Plot Turn 1: The village becomes troubled by evil dreams (paragraph 2). There we go. Don’t hold off too long on the plot turn.
Pinch 1: The magician can’t defeat them with his best spell. (There’s actually a brief try-fail cycle here, by a minor character, the magician, who doesn’t reappear later, and the protagonist isn’t even introduced until it’s over.) The protagonist doesn’t have to do everything.
This sequence also does a lot to establish both the tone and the world: there is magic, there’s a culture that crosses various kinds of landscape containing camels, elephants and whales, even a village magician commands great power. Make the minor details work to establish world and tone.
Midpoint: Leothric steps up and volunteers to go and defeat the dragon-crocodile Tharagavverug in order to get the sword Sacnoth, so that he can defeat the sender of evil dreams. We have a sub-quest. Arguably, the whole sub-quest, in which he must demonstrate tenacity and courage and therefore his worthiness for the main quest, is part of the midpoint. The points can be extended sequences, not just moments; the midpoint is a demonstration of fitness to be the hero, not just a decision.

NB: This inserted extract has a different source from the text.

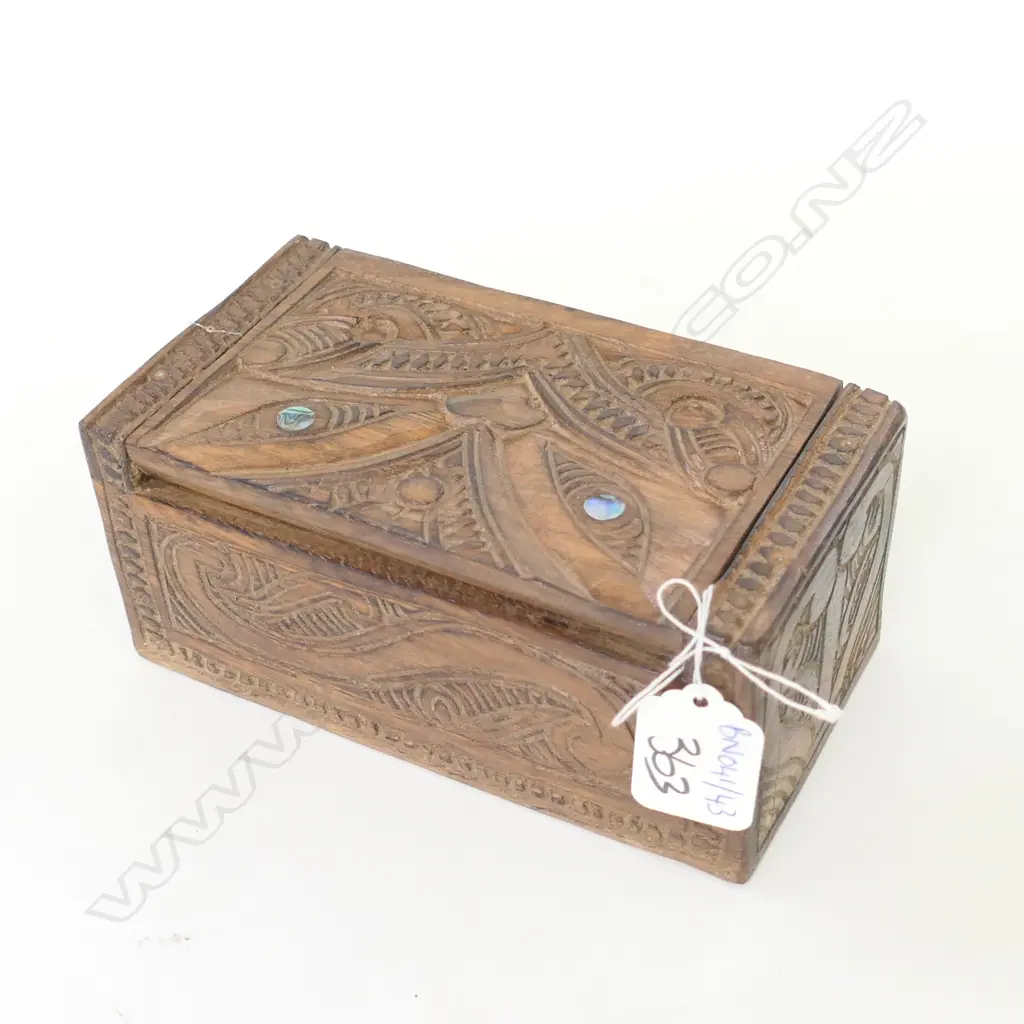 SMALL CARVED WOODEN MAORI BOX 155MM L Image 1++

Pinch 2: Leothric fights his way into the Fortress Unvanquishable, Save for Sacnoth. This is a kind of try-fail cycle, the kind that looks like success. He keeps achieving tasks (break down the door; scare off the camel-riders; get past the spider; pass through the hall of princes and queens; resist the temptation of the dream-women; cross the abyss; fight the dragon; fight the other, more dangerous dragon), but none of them are the task he wants to achieve: fighting and defeating Gaznak. In his talks on the Seven Points, Dan Wells alludes to the example of The Princess Bride, where the Man in Black’s contests with Inigo, Fezzik and the Sicilian, and the encounters in the Fire Swamp, are “try-fail” cycles. He wins, he progresses, but he doesn’t yet achieve his ultimate objective: to escape to his ship with Buttercup. Try-fail cycles can involve the protagonist winning.

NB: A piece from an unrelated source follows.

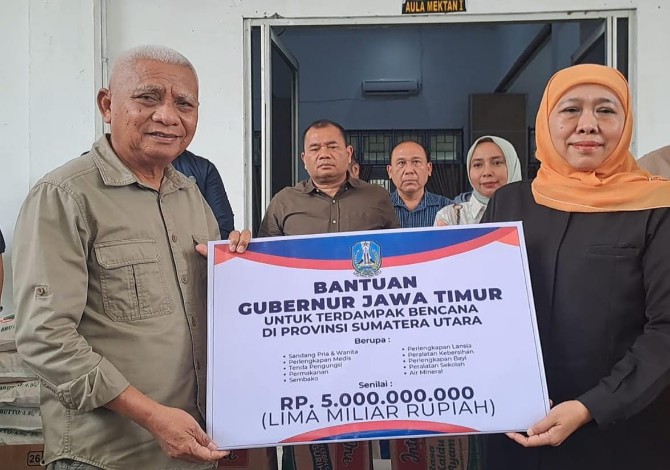 Wakil Gubernur Sumut Sury ketika menerima bantuan kemanusiaan dari Gubernur Jawa Timur, Khofifah Indar Parawansa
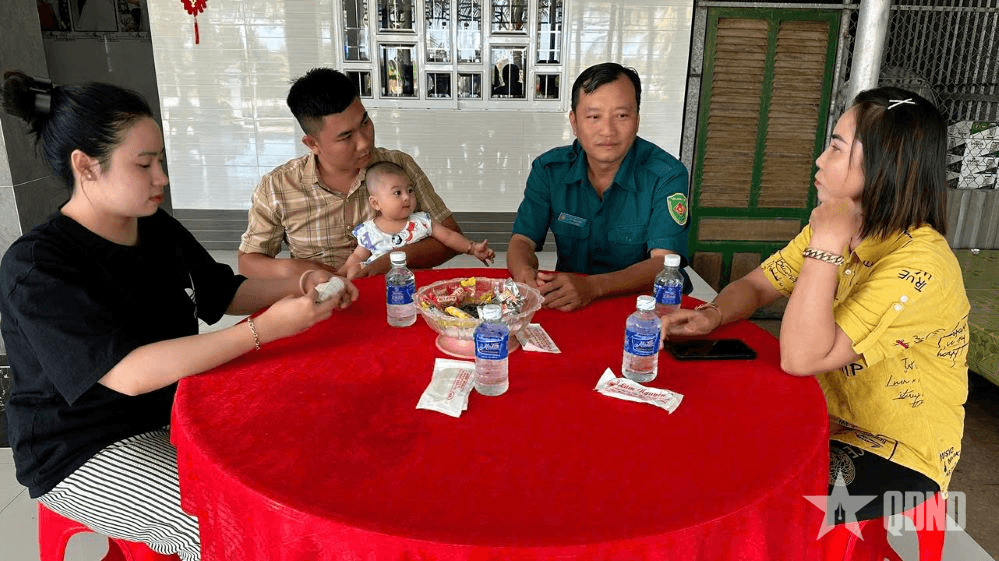 Bí thư đoàn - đảng viên trẻ tình nguyện lên đường nhập ngũ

Leothric doesn’t have any serious trouble with any of these obstacles, yet the story remains interesting, because they’re so beautifully described and everything is so evocative. This is similar to Dunsany’s models, the Arthurian quests (Gawain and the Green Knight, for example, which also gets echoed later with the detachable head). Success against opposition, even easy success, doesn’t have to be boring, as long as the opposition is interesting and the success isn’t instantaneous.
Plot turn 2: Leothric finally confronts Gaznak, and just when it looks like he will lose (because Gaznak’s sword can destroy Leothric’s armour, but not vice versa, and Gaznak’s detachable head trick prevents Leothric from beheading him), he figures out that Gaznak has another point of vulnerability: his wrist. This has been set up in advance, so it doesn’t feel like it comes out of nowhere, and in exploiting it he adds intelligence to his already-demonstrated virtues of courage and tenacity. Set up the solution, even if only half a dozen paragraphs before. Have the hero snatch victory from the jaws of defeat. It’s never too late to have the hero show another quality that’s consistent with his character.

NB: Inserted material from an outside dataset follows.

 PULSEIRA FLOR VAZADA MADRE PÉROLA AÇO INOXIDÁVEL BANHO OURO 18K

Resolution: The evil dissipates, Leothric returns home and the village is again at peace. Return to status quo ante is an acceptable resolution; the hero has changed, but the world may be back to how it was.
After the resolution comes the little twisty doubty thing in the last four paragraphs. If anything, this makes the story more of a legend, claims for it the status of a traditional tale rather than a newly-made-up story, as well as raising the epistemological question of what is true, what is real, and how we know. Those are questions academics ask more often than ordinary people, and perhaps they were preoccupations of earlier generations more than our own. It’s not necessarily something to imitate, but I think it works for this story.
So there’s my analysis. Now I need to write my story. I have a story in progress, but I’m not sure that the lessons I’ve learned here are directly applicable to it, so I may need to start another.